» **SUPPLIED DATA**:
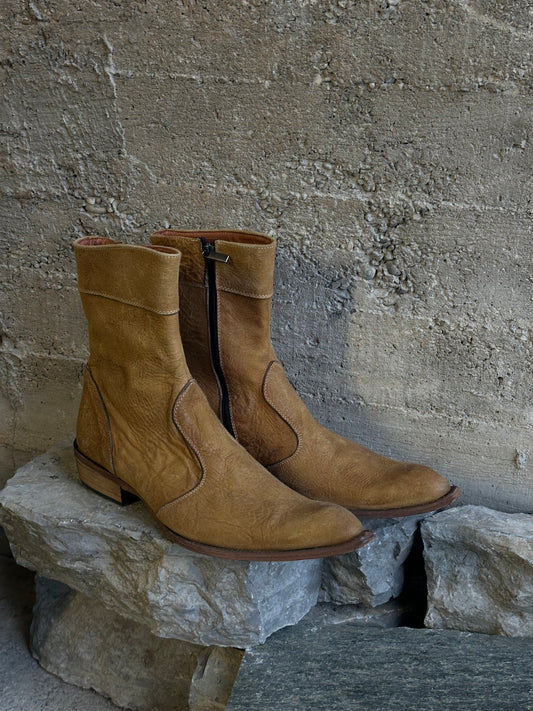 POINTED LIGHT BROWN LEATHER BOOTS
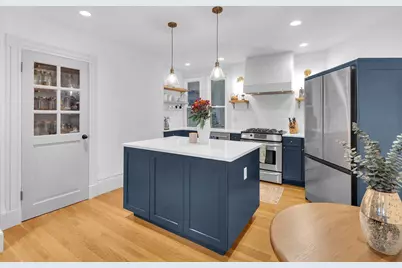 24 Albion Pl #1, Boston, MA 02129 - Photo 2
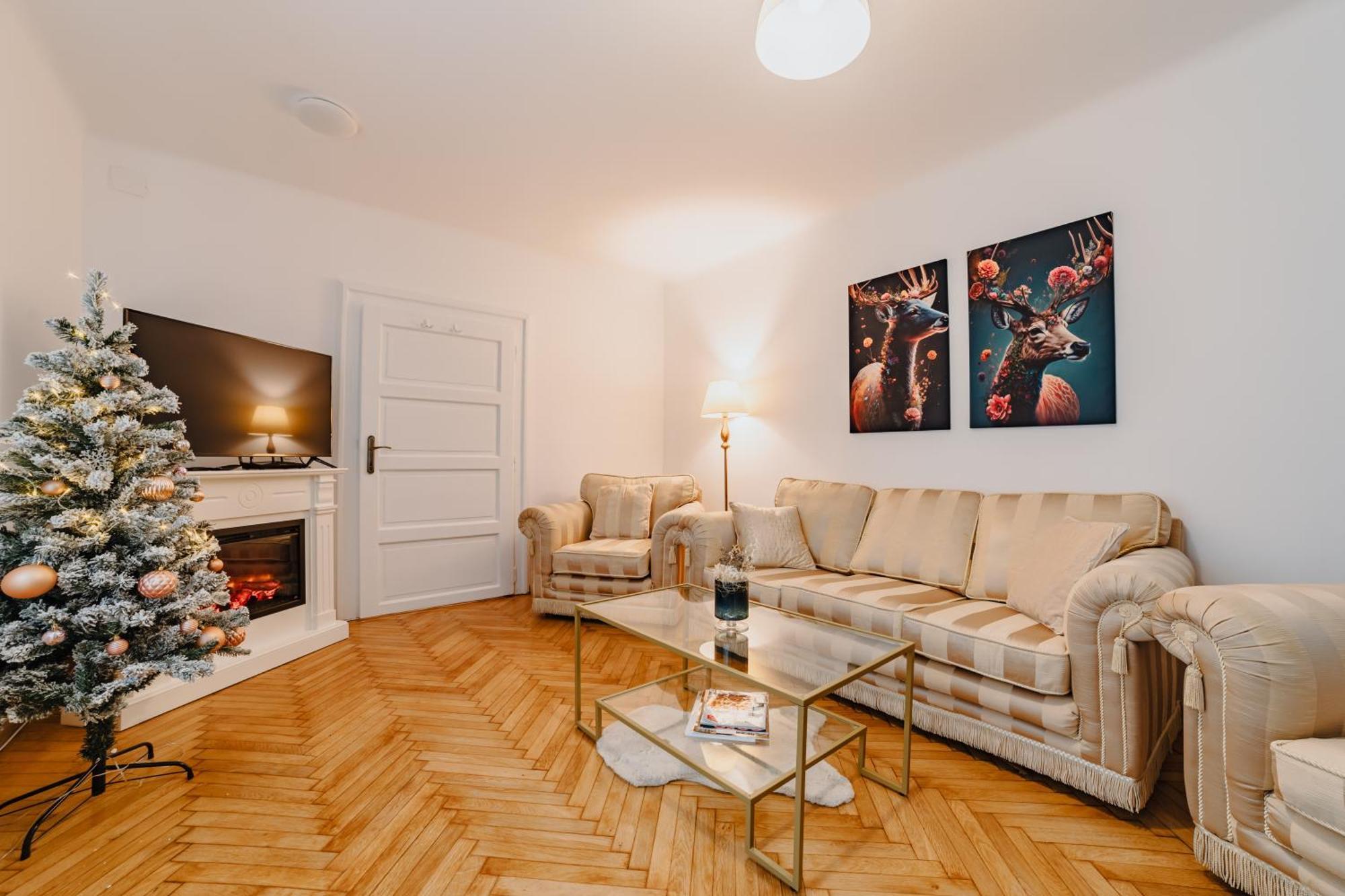 Anastasia Apartments With Parking Braşov Buitenkant foto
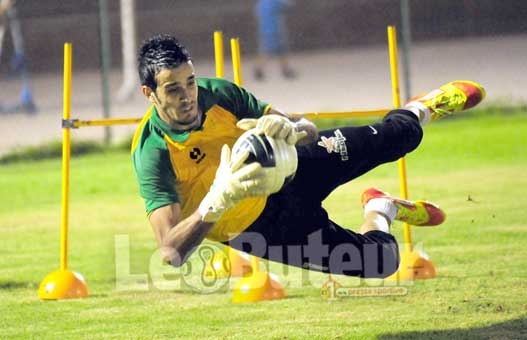 JSK : Asselah apprend le métier à de jeunes gardiens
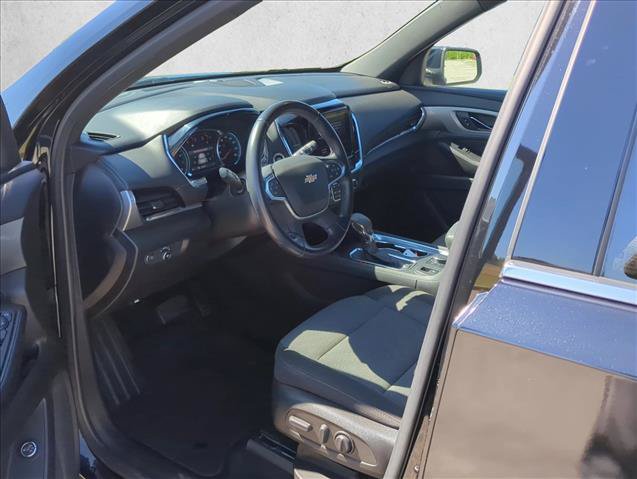 Used 2022 Chevrolet Traverse LT FWD image 11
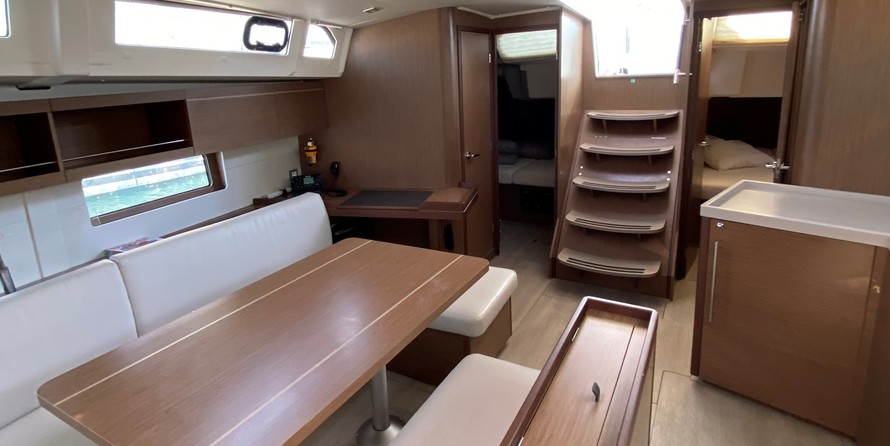 Beneteau Oceanis 46.1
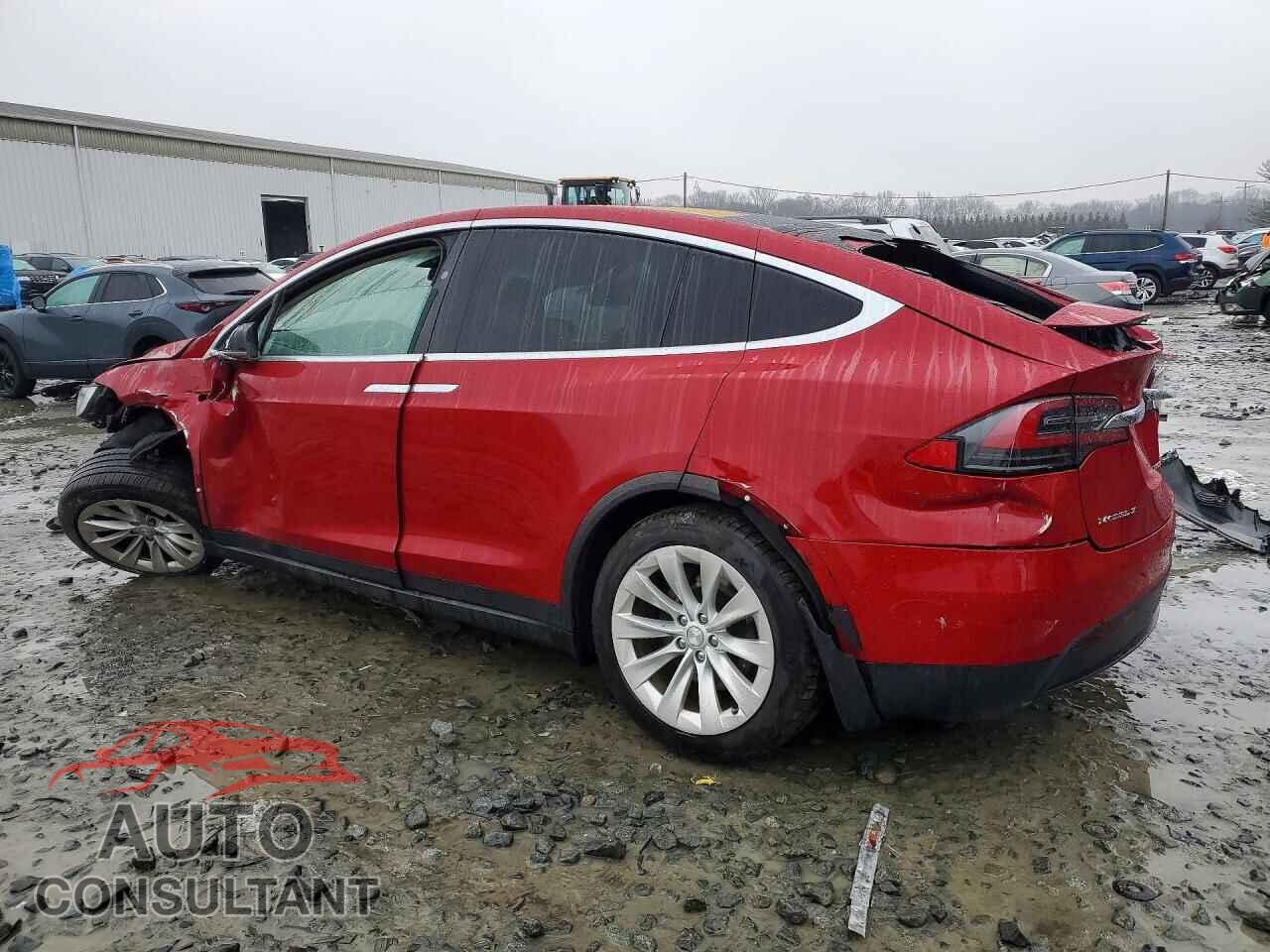 TESLA MODEL X 2017 - 5YJXCAE20HF034765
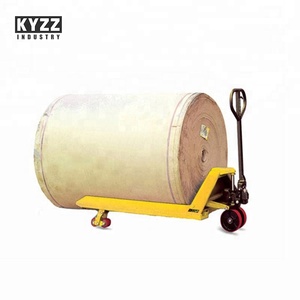 Chariot à palettes manuel pour rouleaux de papier, de plastique et de film, capacité de 2 tonnes et 3 tonnes - Product Image 4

» **REQUIRED ACTION**: Your answer must be only the lines from the one that holds "Used 2022 Chevrolet Traverse LT FWD image 11" to the end of the listing, each restated word for word, with both ends kept and pictures left out.

» **RESULT FOR THIS EXERCISE**:
 Used 2022 Chevrolet Traverse LT FWD image 11
 Beneteau Oceanis 46.1
 TESLA MODEL X 2017 - 5YJXCAE20HF034765
 Chariot à palettes manuel pour rouleaux de papier, de plastique et de film, capacité de 2 tonnes et 3 tonnes - Product Image 4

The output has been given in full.